Monitoring AWS Lambda with Prometheus and Sysdig

In this post, we will show how it’s easily possible to monitor AWS Lambda with Sysdig Monitor. By leveraging existing Prometheus ingestion with Sysdig, you will be able to monitor serverless services with a single-pane-of-glass approach, giving you the confidence to run these services in production.

Lambda metrics are collected in CloudWatch and can be sent to Prometheus using an exporter

Having trouble scaling Prometheus monitoring?
Watch our on-demand webinar, where we share our experience using Prometheus at scale, providing different solutions and highlighting the challenges to solve in each step:
Cloud Native Monitoring: Scaling Prometheus →

The rise of serverless

Currently, we are witnessing the rise of serverless computing, such as AWS Lambda. Lambda is a Function as a Service (FaaS) resource that runs code based on events like a file arriving to a FTP server, an event in a queue or another Lambda function. This way, Lambda provides a highly scalable computing infrastructure without having to maintain and pay for spare servers when there isn’t computational load.
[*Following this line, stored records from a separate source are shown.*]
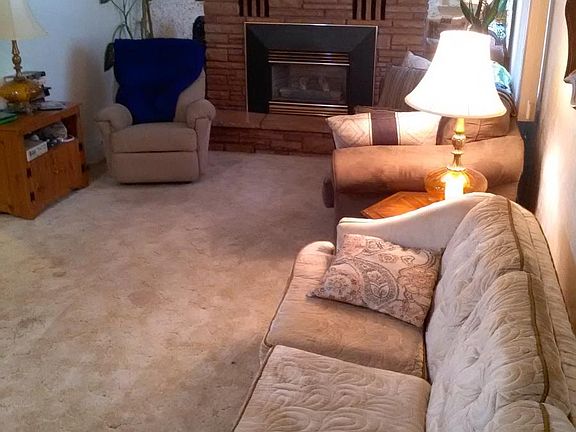 Living Room w/fireplace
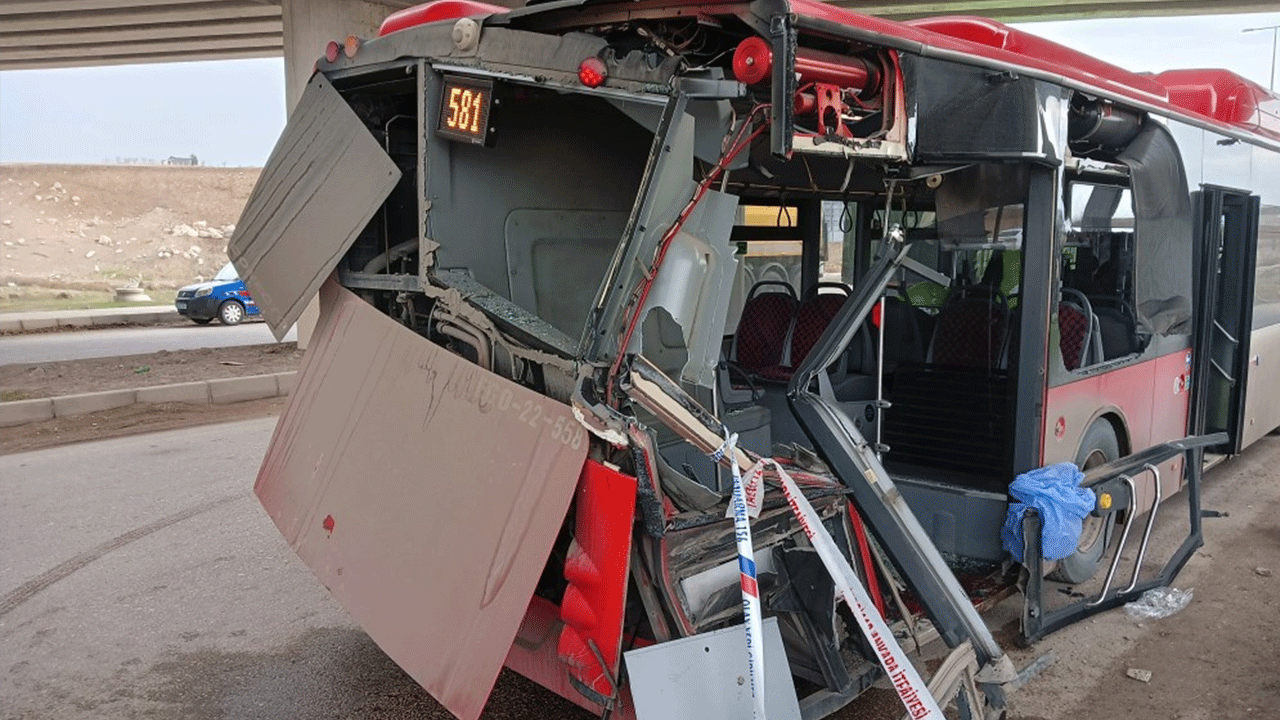 Belediye otobüsü tırla çarpıştı: Ölü ve yaralılar var!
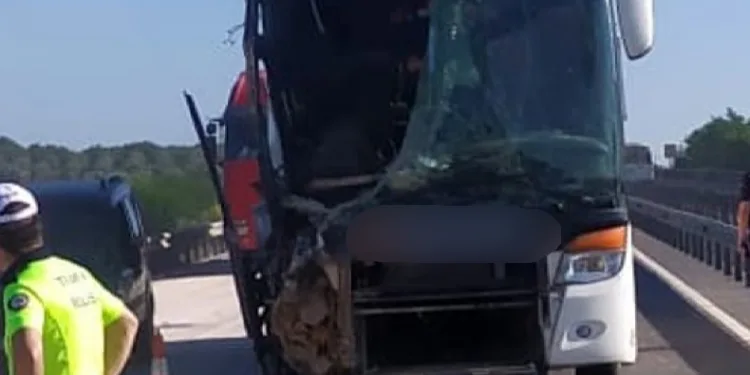 Yolcu otobüsü kamyona çarptı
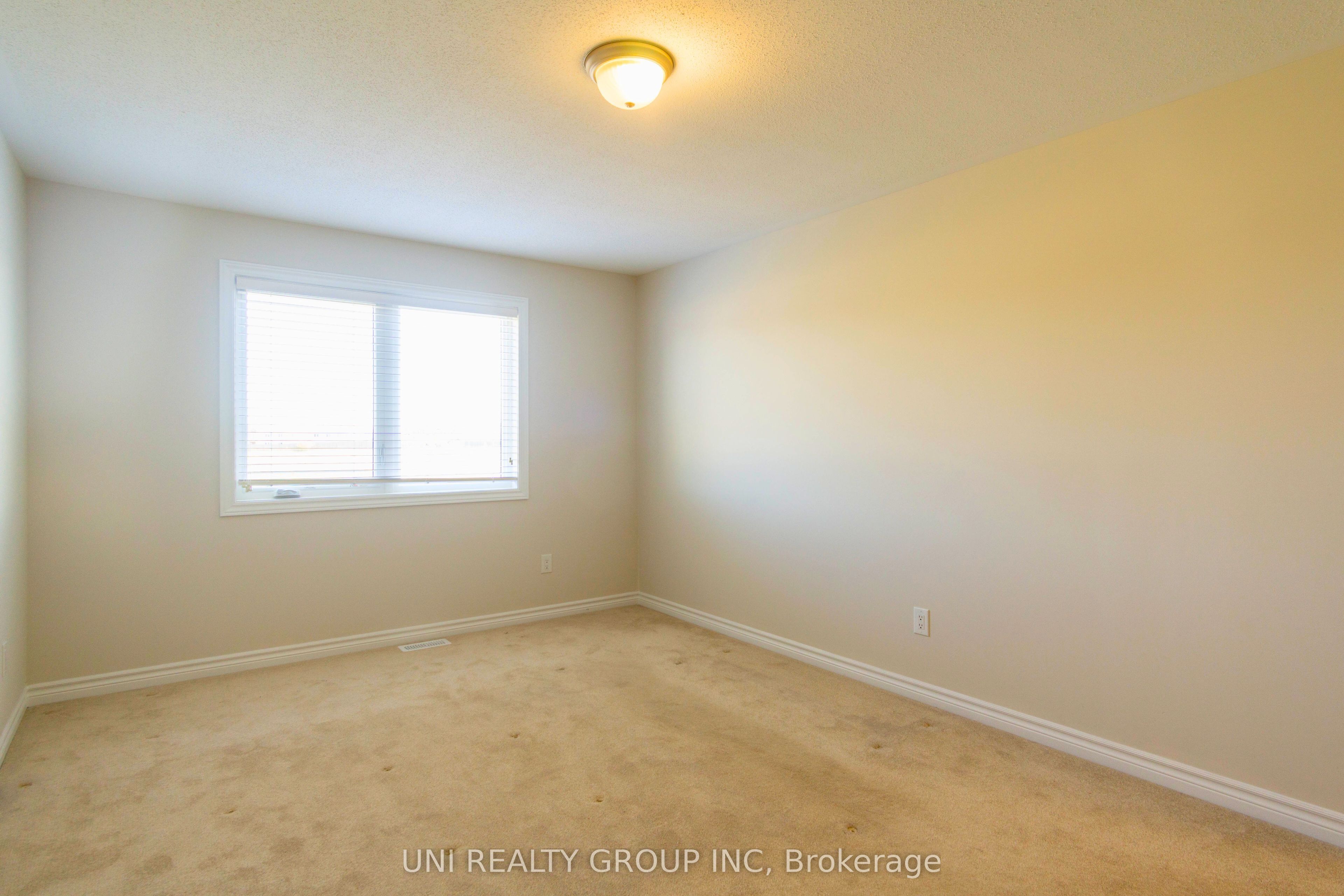 335 Aphelion Crescent Property Photo 23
Once these services become part of the business, they need to be monitored the same as any other production workload to ensure their health and performance. But how can you monitor serverless services if you can’t install the Sysdig agent on them? We’ll need to rely on an intermediary like AWS Cloudwatch, the monitoring service of Amazon.

AWS Lambda and Prometheus

AWS Lambda is a serverless FaaS service that enables developers to deploy code without having to pack it into container images and trigger it through events. It also emits certain metrics that can be gathered by the CloudWatch service under the namespace AWS/Lambda.
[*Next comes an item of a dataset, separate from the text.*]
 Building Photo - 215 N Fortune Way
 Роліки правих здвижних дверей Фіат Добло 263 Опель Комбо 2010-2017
Prometheus is a leading open source monitoring solution which provides means to easily create integrations by writing exporters. With Prometheus, you can gather metrics from your whole infrastructure which may be spread across multiple cloud providers, following a single-pane-of-glass approach.

Prometheus exporters gather metrics from services and publish them in a standardized format that both a Prometheus server and the Sysdig Agent can scrape natively. We will use one of these exporters, namely yet-another-cloudwatch-exporter, to get metrics from AWS CloudWatch. We contributed to this exporter to make it more efficient and reliable.

Sysdig collaborated with the YACE exporter to make it production ready. CloudWatch gathers metrics, that YACE reads and presents in a Prometheus compatible format.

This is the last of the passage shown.